What to do: Write out again the lines from the line with "Patchcablu Cat6a push" up to and including the line with "Abstract Curved Patterns", exactly as they stand below, and skip any picture.

Information:
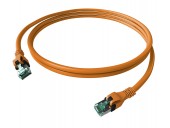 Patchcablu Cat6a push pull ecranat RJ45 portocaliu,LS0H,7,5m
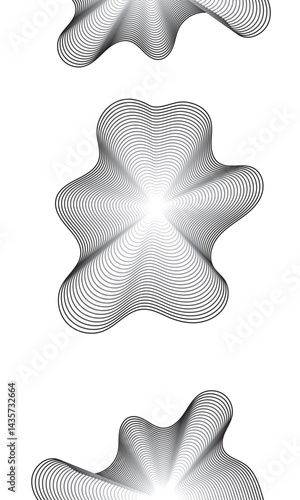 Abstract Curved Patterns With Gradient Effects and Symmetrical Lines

--

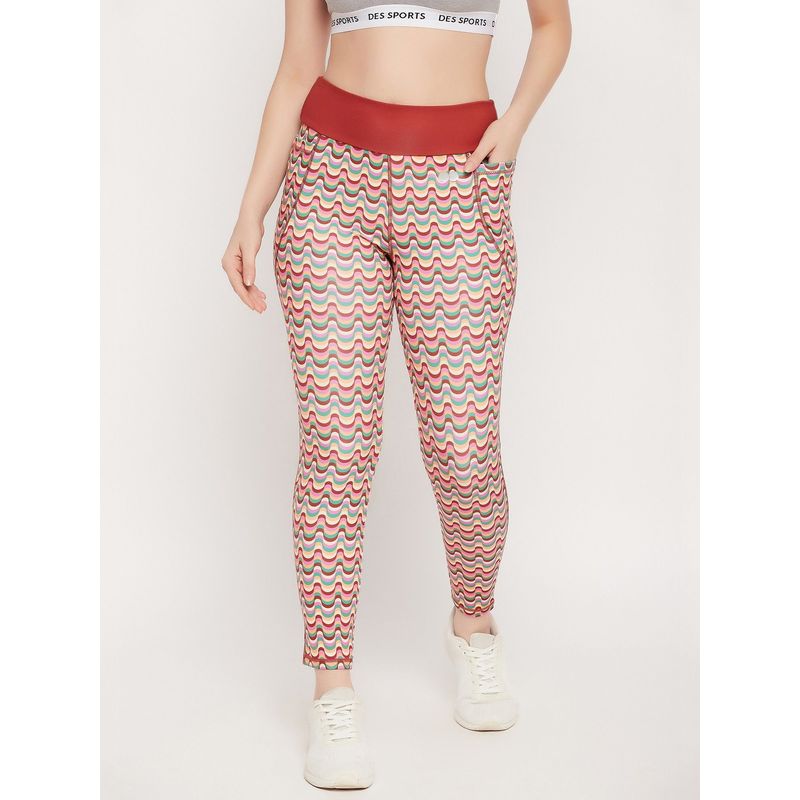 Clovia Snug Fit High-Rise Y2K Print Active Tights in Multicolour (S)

Output of the task:
 Patchcablu Cat6a push pull ecranat RJ45 portocaliu,LS0H,7,5m
 Abstract Curved Patterns With Gradient Effects and Symmetrical Lines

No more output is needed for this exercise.